Siempre me gustó la Vendimia y el año pasado me ofrecieron presentarme y tuve que decir que no por el estudio. Este año me lo dijeron de nuevo y me presenté. Al Acto Central siempre lo vi por televisión, nunca en vivo.

– ¿Qué sentiste cuando dijeron que eras vos la reina de Rivadavia?

En ese momento no lo escuché, así que lo tuve que ver en un video (risas). Cuando anunciaron a la virreina mis compañeras me abrazaron y fue un momento hermoso, no podía parar de llorar.
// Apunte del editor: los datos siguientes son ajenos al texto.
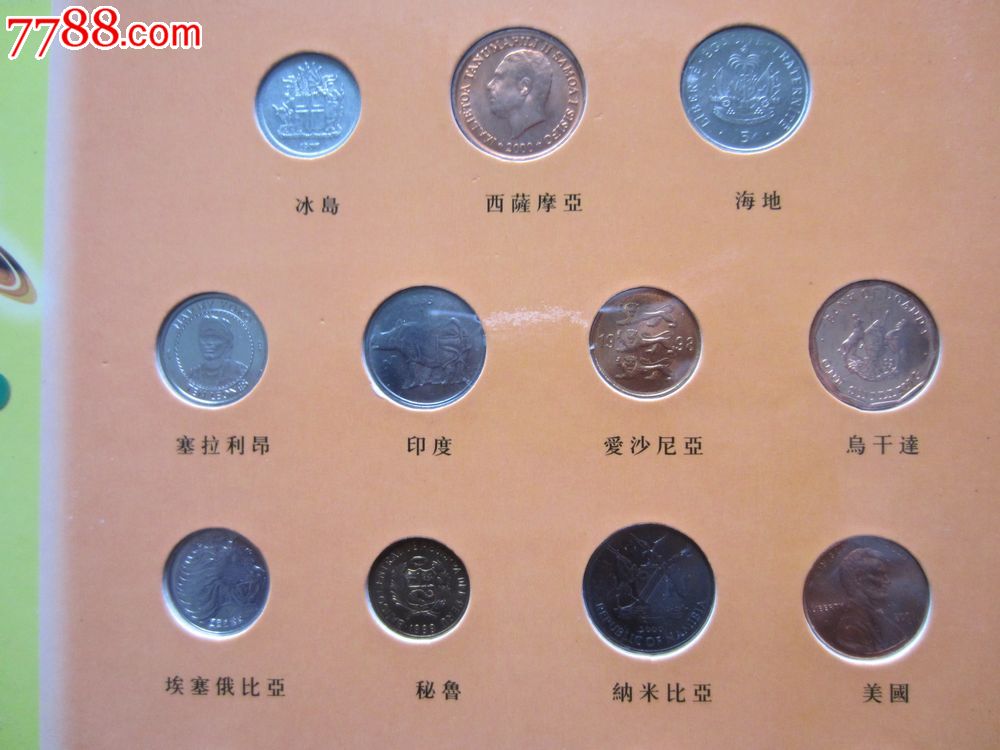 外国硬币识别大全图片图片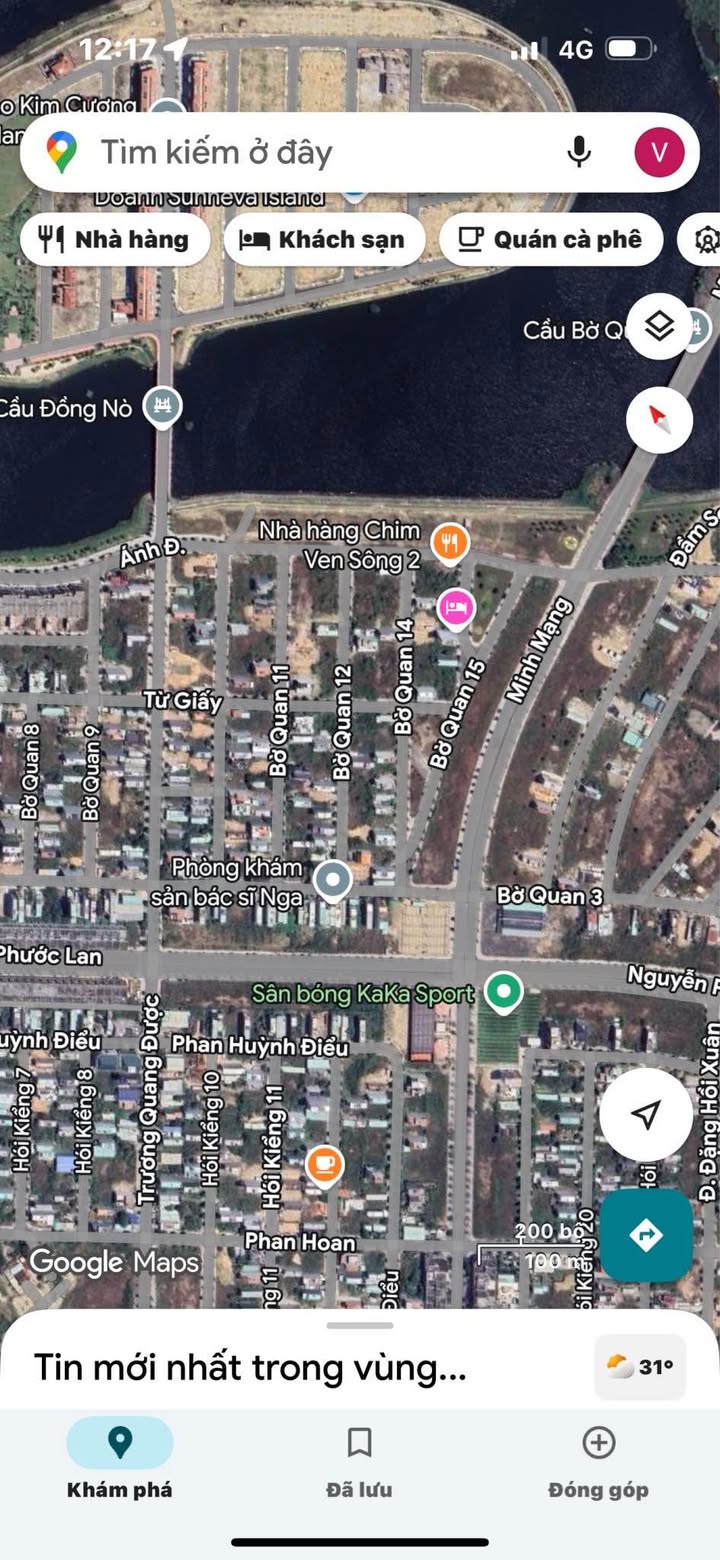 Đất nền Khu đô thị sinh thái Hòa Xuân 265m² - Lô góc 2 mặt tiền đắc địa!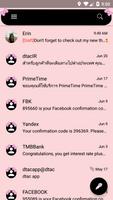 SMS Messages Bow Pink Pastel screenshot 2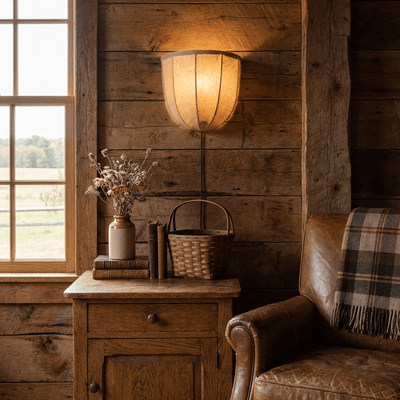 Mirienne Linen Plug-in Wall Sconce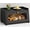 Black, variant on Wood Bread Box for Kithcen Countertop, Rustic Breadox Storage Container for Homemade Bread, Small Compact Bread Keeper Holder Organizer with Window (Natural Bamboo)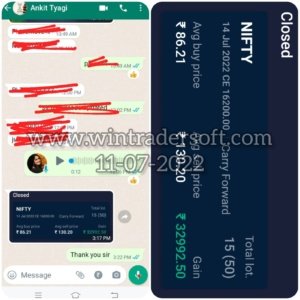 Rs.32992/- Profit made in NIFTY with WinTrader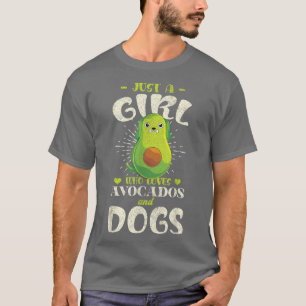 Camiseta El Mascota De Los Perros Es Sólo Un Chica Que Ama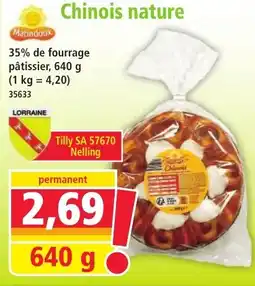 Norma Chinois nature offre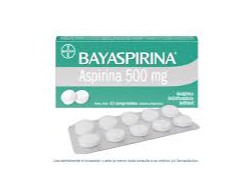 Bayaspirina 500 mg.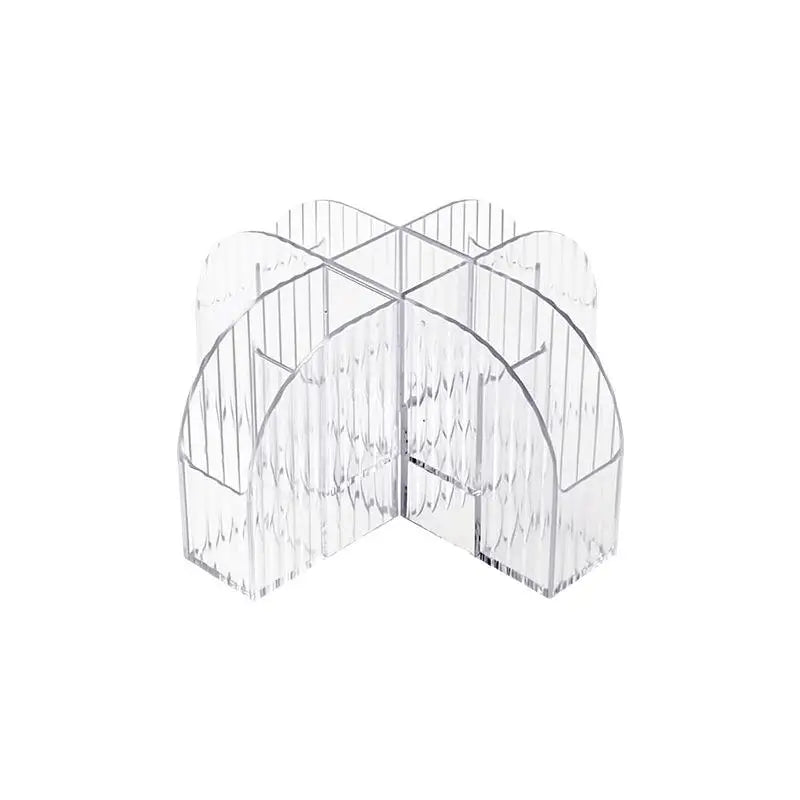 1 Pack 9 Slot Clear Makeup Brush Lipstick Lip Gloss Organizer Perfect Storage Solution For Drawers And Vanities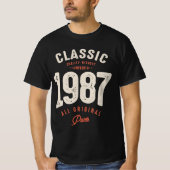 Classic 1987 - 35th Birthday Retro  T-shirt (Voorkant)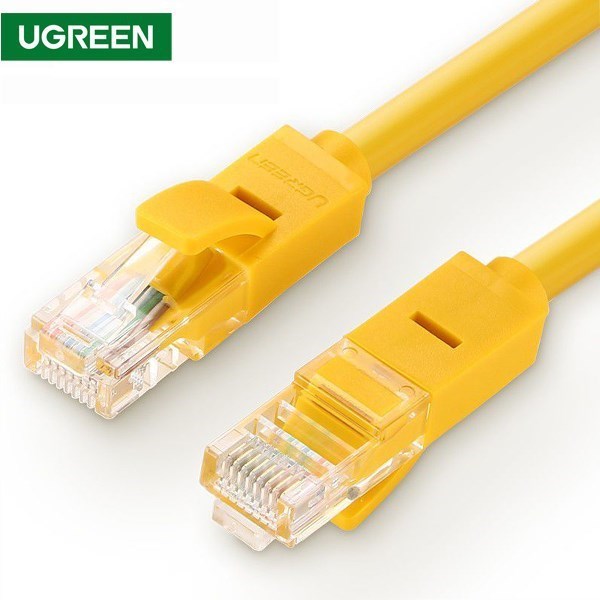 UTP LAN კაბელი UGREEN NW103 (60815) Cat5e Patch Cord UTP Lan Cable, 15m, Yellow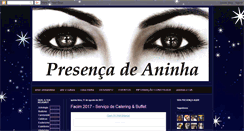 Desktop Screenshot of aninhapresente.blogspot.com
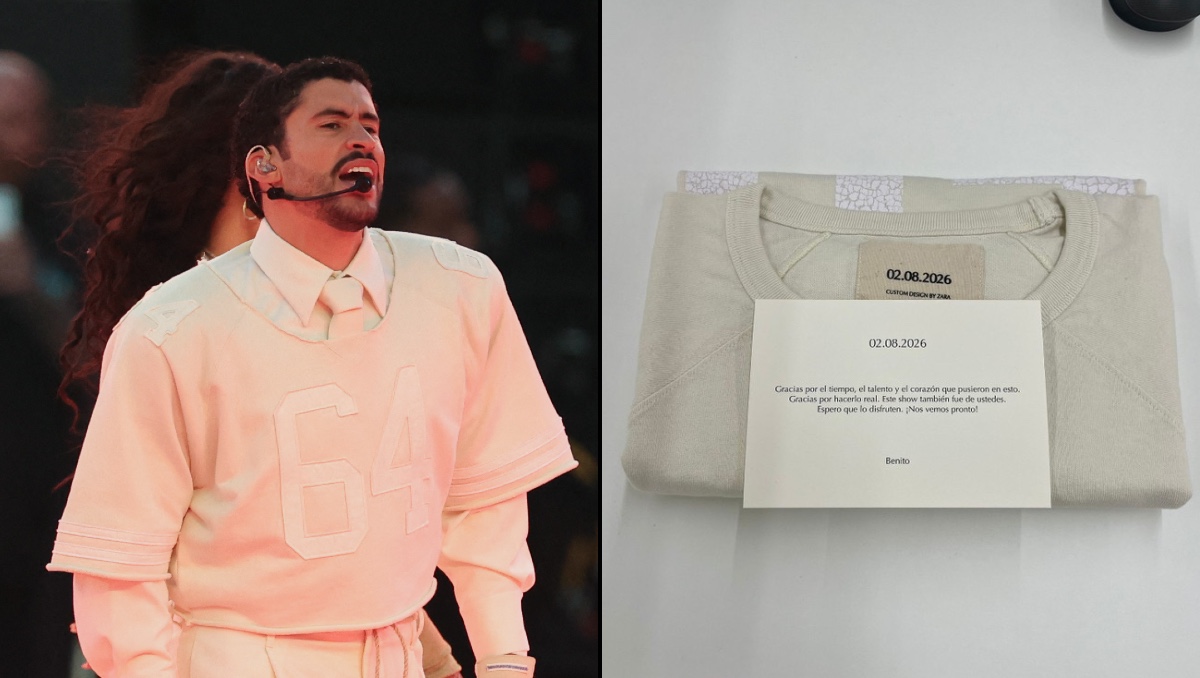 Bad Bunny vistió una prenda diseñada por Zara, una empresa de España  | AFP / ESPECIAL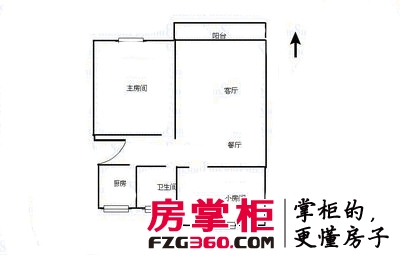 转塘直街小区户型图2室 户型图 2室1厅1卫1厨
– ¿Cómo vive esto tu familia?

Ellos me han acompañado en todo desde el principio y hoy lo siguen haciendo. Carina Guerrero (Reina Nacional de la Vendimia 2000) es tía segunda mía, así que ya hemos vivido una experiencia similar.

– ¿Qué proyectos tenés para tu reinado?

Quiero representar a mi departamento como corresponde. Mi mayor objetivo es lograr que las personas de dirijan a mí y hacer todo lo que esté a mi alcance para ayudarlos.

– ¿Qué expectativas te genera la convivencia en el hotel?

Estoy muy ansiosa, quiero que sea ya el día en que nos mudamos todas a vivir juntas. Lo que más me interesa es disfrutarlo y recibir el cariño de la gente. También me gustaría hacer amigas.

– ¿Estudiás?

Sí, Odontología. Estoy en segundo año, en la Universidad Nacional de Cuyo. A veces viajo para cursar y otras me quedo acá, porque tengo la beca de la residencia por haber entrado en cuatro lugar.

– ¿Qué sentís cuando escuchás noticias sobre accidentes viales protagonizados por adolescentes?

Tristeza, no nos concientizamos del riesgo de las cosas que hacemos, tanto para nosotros como para las demás personas. En el momento no se dan cuenta y después se arrepienten.

– ¿Algún mensaje que le quieras dejar a la gente?

Primero, agradecerle a todo el pueblo de Rivadavia por haberme permitido cumplir mi sueño. Segundo, invitarlos a que vivan junto con nosotras esta fiesta tan importante.